Ammalgam DeFi Protocol Launches Unified Lending Trading

Ammalgam DeFi Protocol Launches Unified Lending Trading

A new decentralized finance protocol combining lending and trading systems has launched on mainnet after roughly a year of development. The release of Ammalgam introduces a unified architecture designed to reuse liquidity across multiple DeFi functions.

The platform operates as a decentralized lending exchange, or DLEX, integrating borrowing, lending, and automated market-making within a single onchain framework. The design aims to reduce capital fragmentation across separate DeFi platforms, where liquidity providers often allocate funds to isolated pools with limited reuse.

Ammalgam first emerged publicly in 2024 after raising $2.5 million in seed funding co-led by Lightspeed Faction and Framework Ventures. Other investors included Robot Ventures and several industry angels, among them Kain Warwick and Anton Bukov.

Can Unified Liquidity Improve DeFi Capital Efficiency?

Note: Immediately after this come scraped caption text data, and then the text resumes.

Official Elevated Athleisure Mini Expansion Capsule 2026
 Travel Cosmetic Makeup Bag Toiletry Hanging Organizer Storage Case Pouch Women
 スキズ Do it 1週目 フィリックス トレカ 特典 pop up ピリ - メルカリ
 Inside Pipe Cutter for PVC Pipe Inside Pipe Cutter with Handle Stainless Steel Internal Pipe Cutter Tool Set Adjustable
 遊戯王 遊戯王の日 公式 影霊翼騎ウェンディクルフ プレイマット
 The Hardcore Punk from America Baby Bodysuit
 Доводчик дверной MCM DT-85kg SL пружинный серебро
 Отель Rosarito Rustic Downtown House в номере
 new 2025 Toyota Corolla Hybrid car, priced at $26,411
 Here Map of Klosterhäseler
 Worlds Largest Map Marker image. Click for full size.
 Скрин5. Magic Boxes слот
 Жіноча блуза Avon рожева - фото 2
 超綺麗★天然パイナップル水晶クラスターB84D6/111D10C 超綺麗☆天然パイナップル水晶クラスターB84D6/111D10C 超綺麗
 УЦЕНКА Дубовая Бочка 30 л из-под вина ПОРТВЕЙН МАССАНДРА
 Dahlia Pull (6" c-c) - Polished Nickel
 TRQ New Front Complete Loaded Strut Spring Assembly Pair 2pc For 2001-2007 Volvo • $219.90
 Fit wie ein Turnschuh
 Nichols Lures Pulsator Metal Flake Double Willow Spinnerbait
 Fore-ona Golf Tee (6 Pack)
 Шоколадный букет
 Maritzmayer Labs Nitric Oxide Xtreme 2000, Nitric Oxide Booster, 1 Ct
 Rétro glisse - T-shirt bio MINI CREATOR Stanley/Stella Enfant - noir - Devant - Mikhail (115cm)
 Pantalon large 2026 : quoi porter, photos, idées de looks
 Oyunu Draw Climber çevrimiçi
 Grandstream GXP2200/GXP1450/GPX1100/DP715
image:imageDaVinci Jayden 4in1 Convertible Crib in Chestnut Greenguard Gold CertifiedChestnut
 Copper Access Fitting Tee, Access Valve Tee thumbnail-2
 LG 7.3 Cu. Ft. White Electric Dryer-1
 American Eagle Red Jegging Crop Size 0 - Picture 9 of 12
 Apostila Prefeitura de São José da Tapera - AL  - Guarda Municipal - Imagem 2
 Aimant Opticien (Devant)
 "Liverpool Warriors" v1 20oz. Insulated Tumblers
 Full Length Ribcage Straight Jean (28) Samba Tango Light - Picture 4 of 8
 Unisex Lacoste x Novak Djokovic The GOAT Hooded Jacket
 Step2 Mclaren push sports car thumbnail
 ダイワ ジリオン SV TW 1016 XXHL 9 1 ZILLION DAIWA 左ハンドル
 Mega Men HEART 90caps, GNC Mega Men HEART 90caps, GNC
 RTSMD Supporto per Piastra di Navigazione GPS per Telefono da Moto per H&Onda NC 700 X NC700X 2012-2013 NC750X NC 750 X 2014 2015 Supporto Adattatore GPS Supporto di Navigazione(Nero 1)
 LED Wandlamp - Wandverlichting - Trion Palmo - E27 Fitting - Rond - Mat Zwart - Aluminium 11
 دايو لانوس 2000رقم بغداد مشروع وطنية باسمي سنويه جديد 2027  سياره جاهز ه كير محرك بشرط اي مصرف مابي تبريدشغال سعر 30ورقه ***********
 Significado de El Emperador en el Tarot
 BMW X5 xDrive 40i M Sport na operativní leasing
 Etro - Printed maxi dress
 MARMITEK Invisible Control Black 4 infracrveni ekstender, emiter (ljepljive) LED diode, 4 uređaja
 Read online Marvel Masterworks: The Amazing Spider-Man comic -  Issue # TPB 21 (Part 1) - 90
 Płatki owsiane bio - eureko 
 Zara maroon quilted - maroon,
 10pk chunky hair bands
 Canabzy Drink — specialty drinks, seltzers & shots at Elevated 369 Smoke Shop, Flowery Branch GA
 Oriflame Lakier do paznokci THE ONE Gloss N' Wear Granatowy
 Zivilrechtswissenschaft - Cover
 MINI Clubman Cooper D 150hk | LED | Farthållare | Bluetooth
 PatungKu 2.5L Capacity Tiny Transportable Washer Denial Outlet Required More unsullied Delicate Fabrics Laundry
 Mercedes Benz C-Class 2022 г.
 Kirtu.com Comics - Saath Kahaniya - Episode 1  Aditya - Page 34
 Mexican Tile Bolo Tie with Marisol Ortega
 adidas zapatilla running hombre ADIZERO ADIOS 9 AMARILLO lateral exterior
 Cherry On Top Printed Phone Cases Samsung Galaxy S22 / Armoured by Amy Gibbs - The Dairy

The protocol’s core design allows liquidity providers to supply funds once while supporting lending markets and trading activity simultaneously. By consolidating execution and risk management into one system, the platform attempts to increase yield potential while reducing structural inefficiencies common across decentralized exchanges and lending platforms.

Another distinguishing feature is the absence of external price oracles. Instead of relying on offchain data feeds, the system derives pricing and liquidation conditions directly from onchain executable liquidity. The approach attempts to remove a common vulnerability that has contributed to several high-profile DeFi exploits.

“We’ve watched too many fully audited protocols fail because a price feed lagged, stalled, or was manipulated,” said Will Fey.

He added that grounding pricing and liquidation decisions in onchain liquidity can reduce reliance on signals outside the protocol’s control.

Alongside the mainnet launch, Ammalgam introduced managed strategy Vaults built on infrastructure from Lagoon Finance. These Vaults allow users to deposit assets such as USDC, ETH, or BTC and receive ERC-7540 share tokens representing proportional ownership in automated trading strategies.

Security reviews for the protocol were conducted by ChainSecurity, Spearbit, Cantina, and OxMacro. The next phase will test whether unified liquidity systems can attract enough capital to compete with established decentralized finance markets.